Before I forget, I was being mostly facetious about the "influence" on Tarantino, but there's no doubt in my mind the scene had occurred to him when deciding whom to cast for Raine. I know we disagreed over a similar possible coincidence about Tom Cruise and subway scenes from "Risky Business" and "Collateral." Similarly, I think Michael Mann, like QT, is too much an encyclopedia of movies not to have had something in mind with that (especially considering Mann's early movies shared with "Risky Business" the musical stylings of Tangerine Dream).
Craig - Having read Jim Harrison's eloquent novella upon which Legends is based, having read many Western novels and non-fiction about Native Americans, loving Westerns as I do, I find nothing silly about the scalping episode. When I saw it, I fell in love with this movie. It was different. It was awesome. Tristan was brought up by an Indian and, like I said, he had the guts as a teenager to go up and touch a sleeping grizzly. The scalping made Tristan awesome. We can agree to disagree. Just had to put that in.
Jason says it for me - it's "Western poetic," and loving Westerns, I loved this movie. It's my favorite movie by Zwick.
Well, what can I say about something somebody loves? No more than you or Matt Seitz could convince me "Pulp Fiction" is self-indulgent or bereft of emotion. I guess it boils down to Ebert's Maxim: "A movie isn't what it's about; it's how it's about it." If you buy the premise and all the elements leading up to the scalping episode, then you're inclined to believe. If you think it's all nonsense, then that scene is more of the same.

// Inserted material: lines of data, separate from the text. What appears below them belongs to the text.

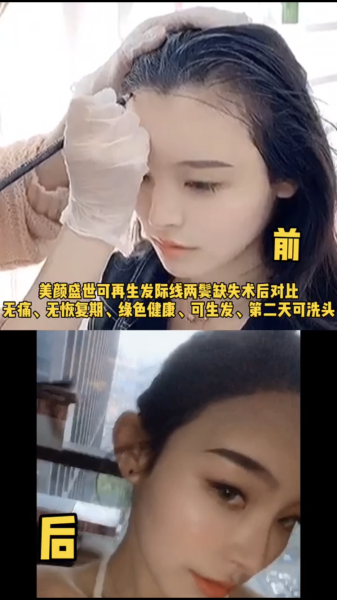 再生發(fā)效果對比五
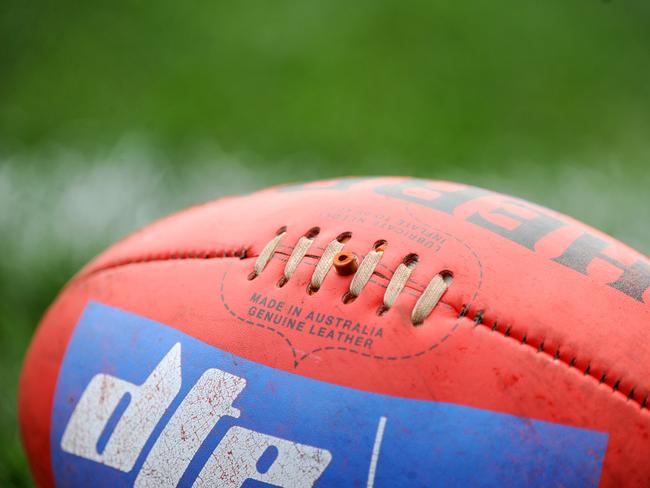 The Western Bulldogs are facing legal action over alleged historic sexual abuse.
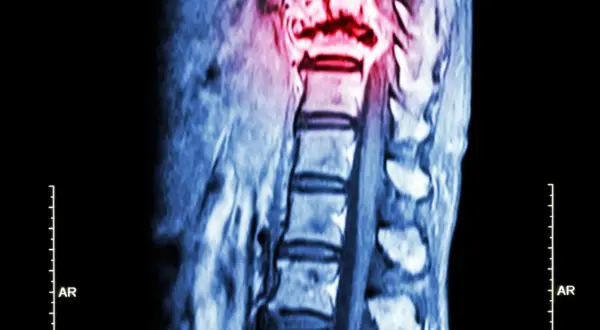 Czy to przerzuty do kości? Objawy i wczesna diagnoza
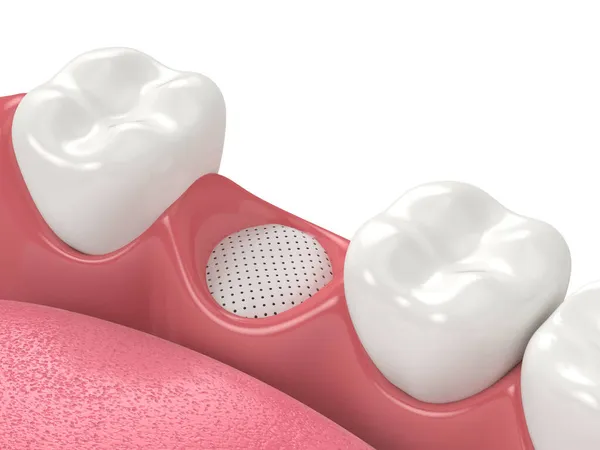 Rendu Greffe Dentaire Avec Membrane Sur Fond Blanc Concept Augmentation — Photo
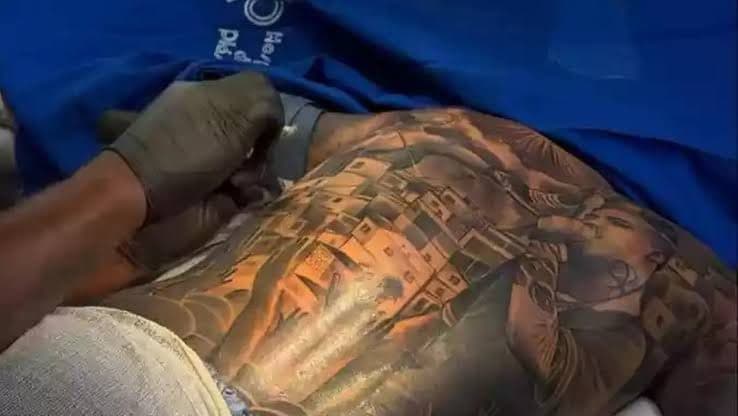 Após tragédia em Itapema, Brasil proíbe uso de anestesia para tatuagens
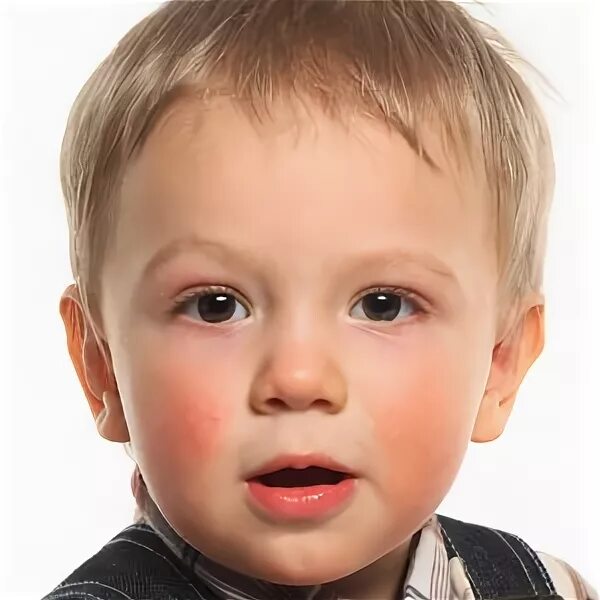 асимметричные глаза у детей.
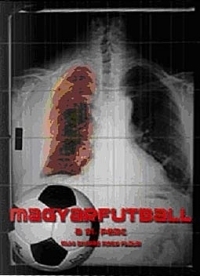 Magyarfutball, a 91. perc DVD
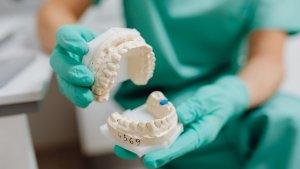 Dental Implant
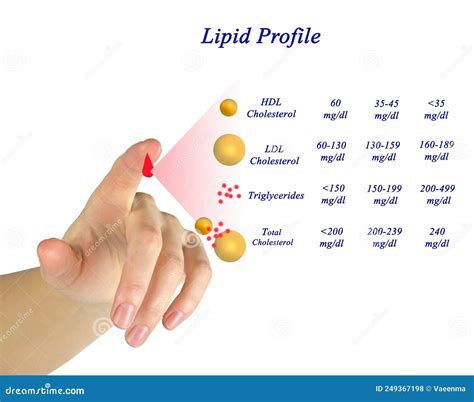 Lipid Profile Result Royalty-Free Stock Image | CartoonDealer.com #64235968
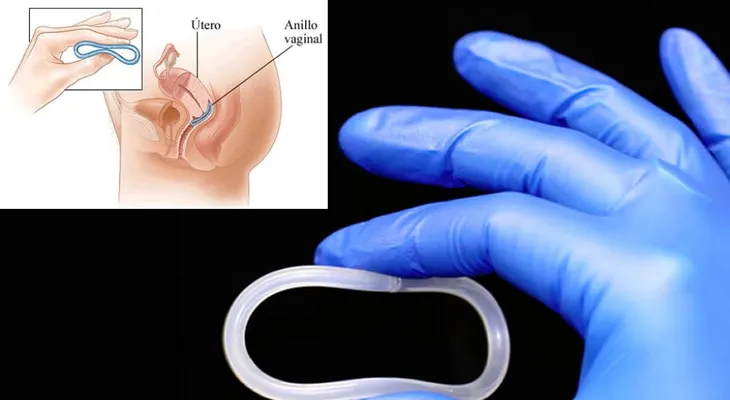 Crean un anillo vaginal que protege del VIH y del herpes
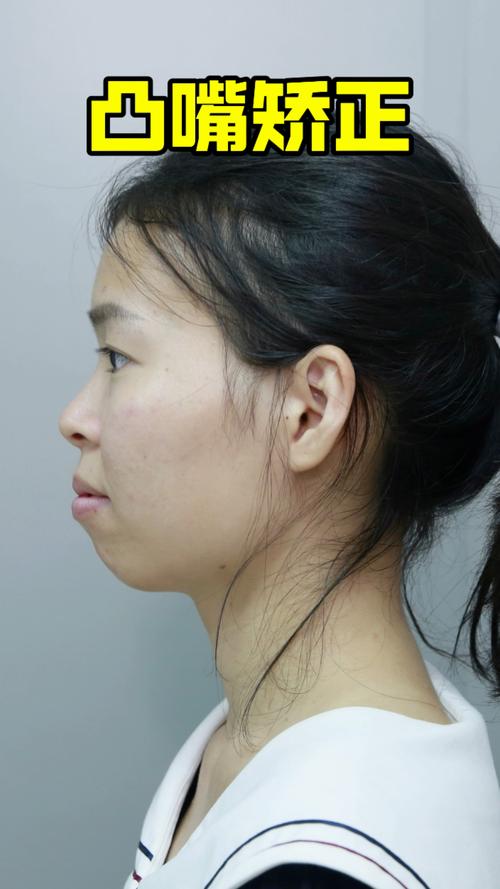 矫正牙齿后嘴巴突出，是矫正效果问题吗？原因是什么？-图1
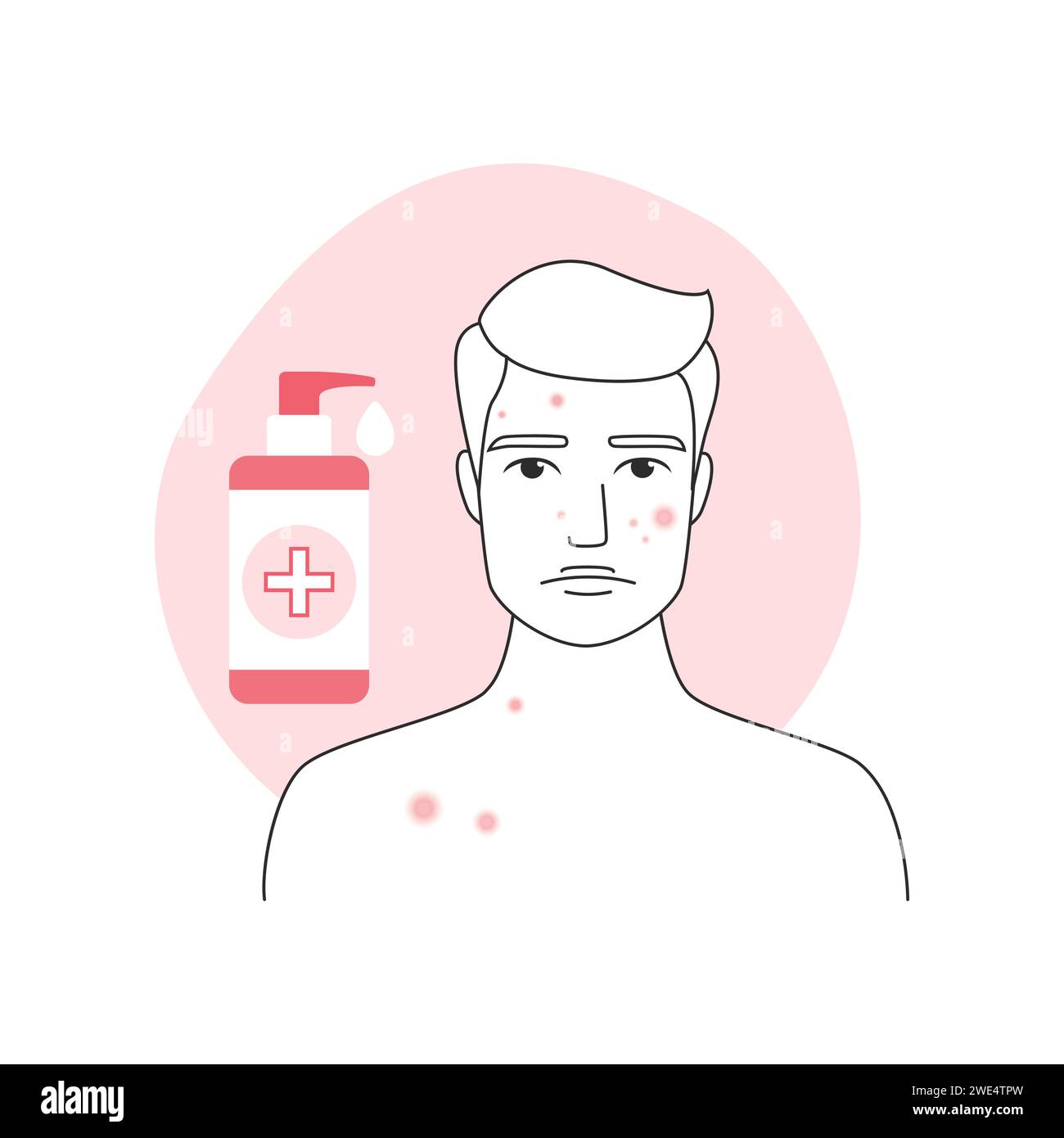 Homme triste avec acné, inflammation sur la peau du visage et gel antibactérien dans la bouteille pour l'illustration vectorielle de nettoyage Illustration de Vecteur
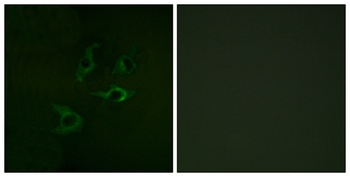 Cbl rabbit pAb Antibody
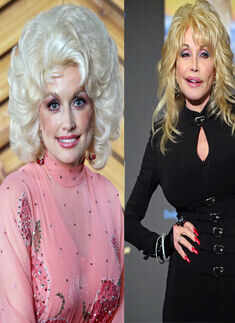Stars Before & After Cosmetic Surgeries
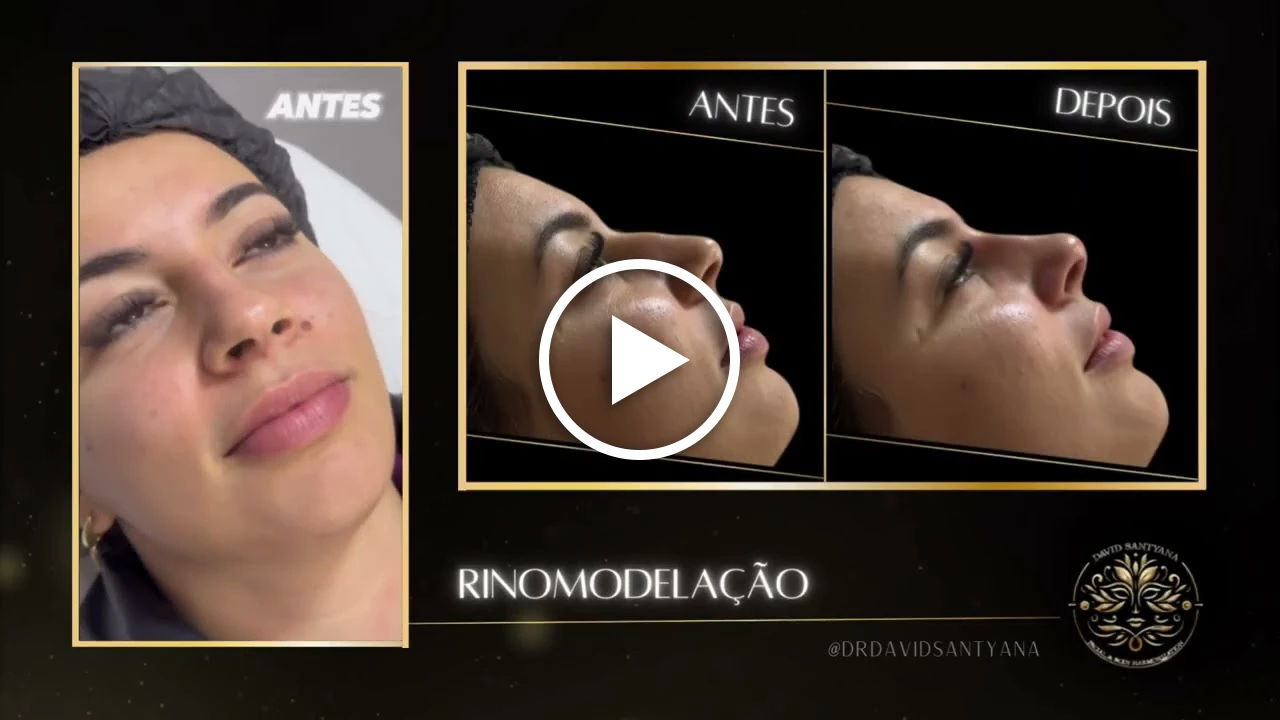 Vídeo Rinomodelação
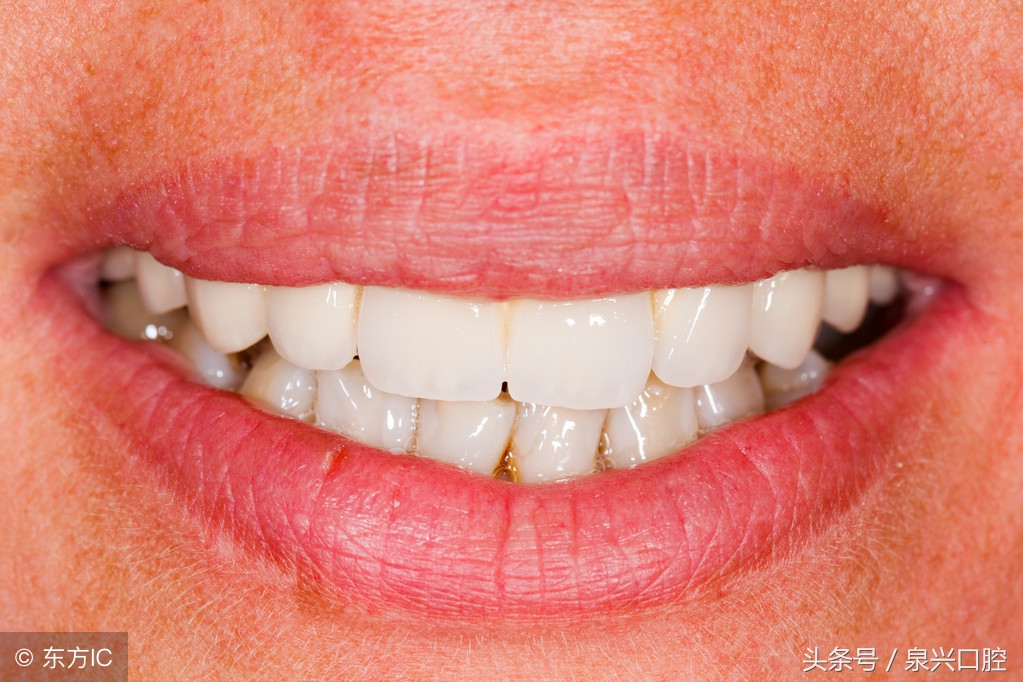 烤瓷牙的优缺点,各类烤瓷牙材料的优缺点对比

For me, that's the kind of moment where it helps to have read the original source material (in a way, like the last "Harry Potter" movie), or where it helps to have an obsessive filmmaker to put it over. Zwick's body of work suggests he is sensitive and tasteful, with soft-liberal values that go down easy. "Legends" is a curious anomaly for him, in a way, in that it doesn't really fit directly into his social concerns. (It does in a roundabout way, of course, being anti-war and so forth.) From the looks of it, he was out to make a good movie, a beautiful movie, possibly an Oscar-bait movie, but a sweeping American epic. It's a movie that's all about passion; for me, though, it doesn't feel passionately made.
I enjoyed your comment. Funny about Pulp Fiction. I like what you say, "If you buy the premise and all the elements leading up to the scalping episode, then you're inclined to believe. If you think it's all nonsense, then that scene is more of the same." Well said. It really fascinates me - the whole challenge of presenting a story on paper or on stage or on film and trying to get your vision across; some people buy into - some people don't. Being a drama director in high school, I know that's the case when some people come up and say they really loved the play and others say, "Great play," while you know they're thinking, "Uh, like, he's insane."
It fascinates me too. And when you mentioned Jim Harrison the scalping scene suddenly clicked: I could totally see that passage in one of his books.
Yeah, Jim Harrison. I wonder if Cormac McCarthy has been influenced by him. I remember reading a novel by Harrison called A Good Day to Die - that was bleak and cynical and nihilistic - with spare, Hemingwayesque prose. Just the kind of thing McCarthy would love.